Task instructions
The required output is the stretch from the line containing "Hello YouTube and" through the line containing "The first thing" in the records below, unaltered and with no pictures.

===============

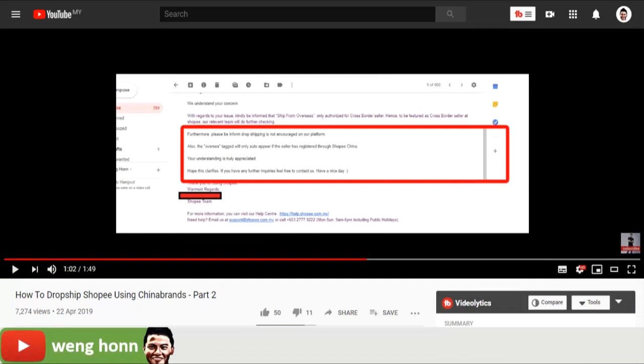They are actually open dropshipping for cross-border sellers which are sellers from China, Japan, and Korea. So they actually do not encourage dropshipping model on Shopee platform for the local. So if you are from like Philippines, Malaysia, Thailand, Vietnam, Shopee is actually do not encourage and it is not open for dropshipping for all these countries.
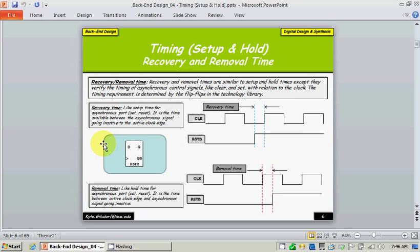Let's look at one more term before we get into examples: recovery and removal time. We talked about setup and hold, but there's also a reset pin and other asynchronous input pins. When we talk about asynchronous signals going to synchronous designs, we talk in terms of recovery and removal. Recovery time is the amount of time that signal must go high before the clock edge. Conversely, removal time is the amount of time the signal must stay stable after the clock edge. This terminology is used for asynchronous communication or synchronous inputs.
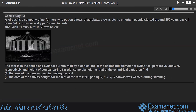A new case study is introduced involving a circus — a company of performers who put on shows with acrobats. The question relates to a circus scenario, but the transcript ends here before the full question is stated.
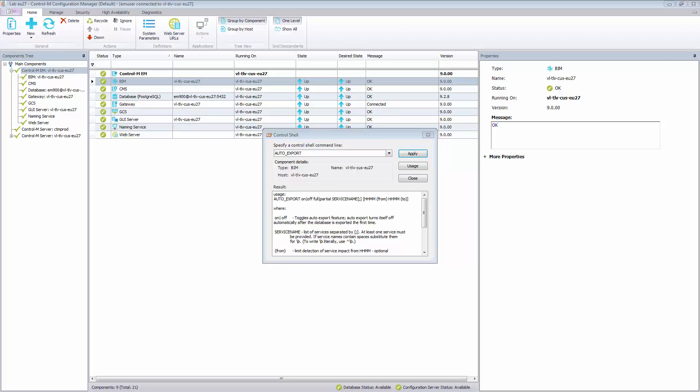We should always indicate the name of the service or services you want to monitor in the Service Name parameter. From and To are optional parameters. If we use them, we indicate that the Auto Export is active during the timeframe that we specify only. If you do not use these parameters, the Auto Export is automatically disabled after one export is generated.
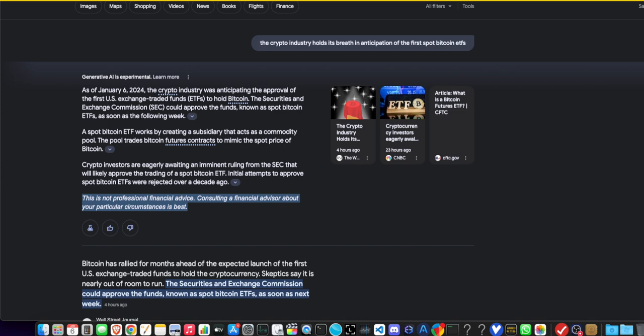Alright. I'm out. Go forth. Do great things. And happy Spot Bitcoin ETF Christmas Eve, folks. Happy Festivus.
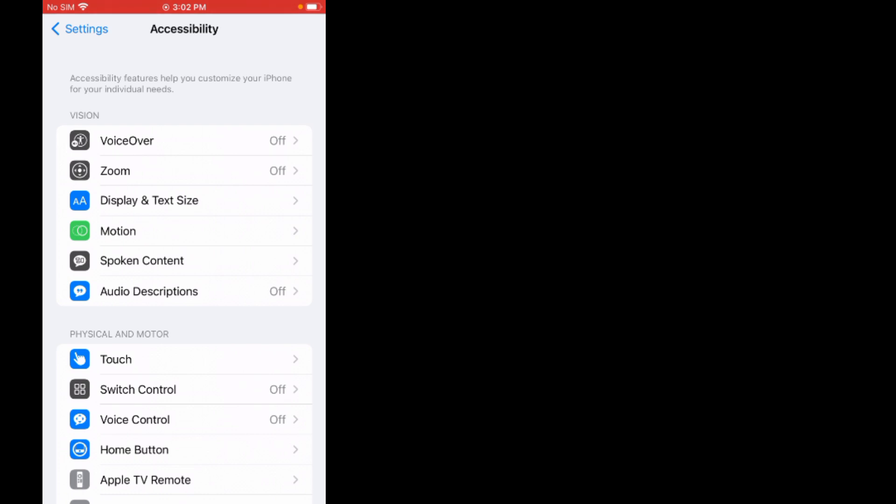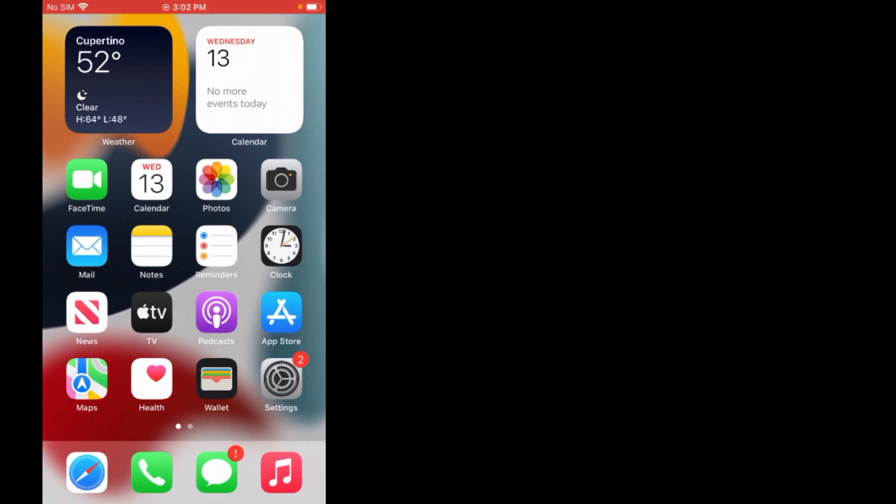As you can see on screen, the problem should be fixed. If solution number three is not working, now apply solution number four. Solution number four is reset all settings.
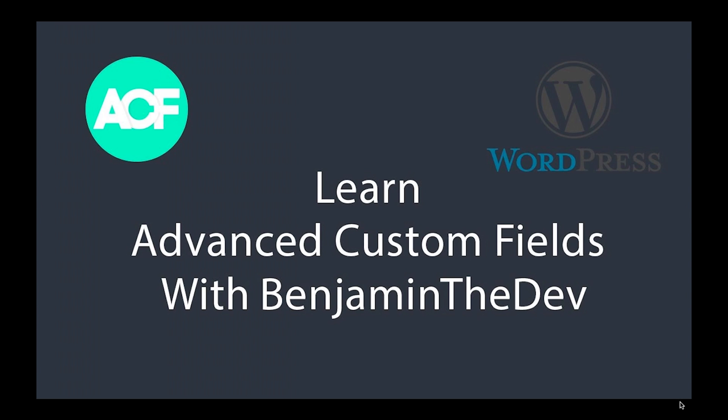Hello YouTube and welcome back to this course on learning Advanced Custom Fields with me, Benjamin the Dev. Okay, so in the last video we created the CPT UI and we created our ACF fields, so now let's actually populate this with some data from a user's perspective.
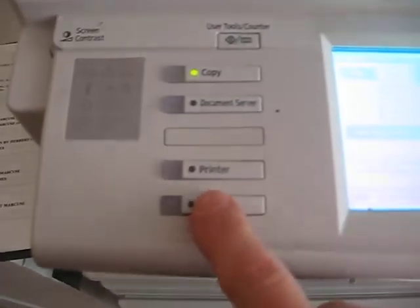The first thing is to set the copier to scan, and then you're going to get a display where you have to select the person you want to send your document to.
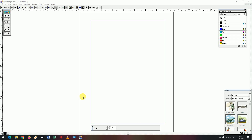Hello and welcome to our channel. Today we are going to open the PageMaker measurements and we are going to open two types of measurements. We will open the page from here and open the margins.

===============

Exercise result
Hello YouTube and welcome back to this course on learning Advanced Custom Fields with me, Benjamin the Dev. Okay, so in the last video we created the CPT UI and we created our ACF fields, so now let's actually populate this with some data from a user's perspective.
The first thing is to set the copier to scan, and then you're going to get a display where you have to select the person you want to send your document to.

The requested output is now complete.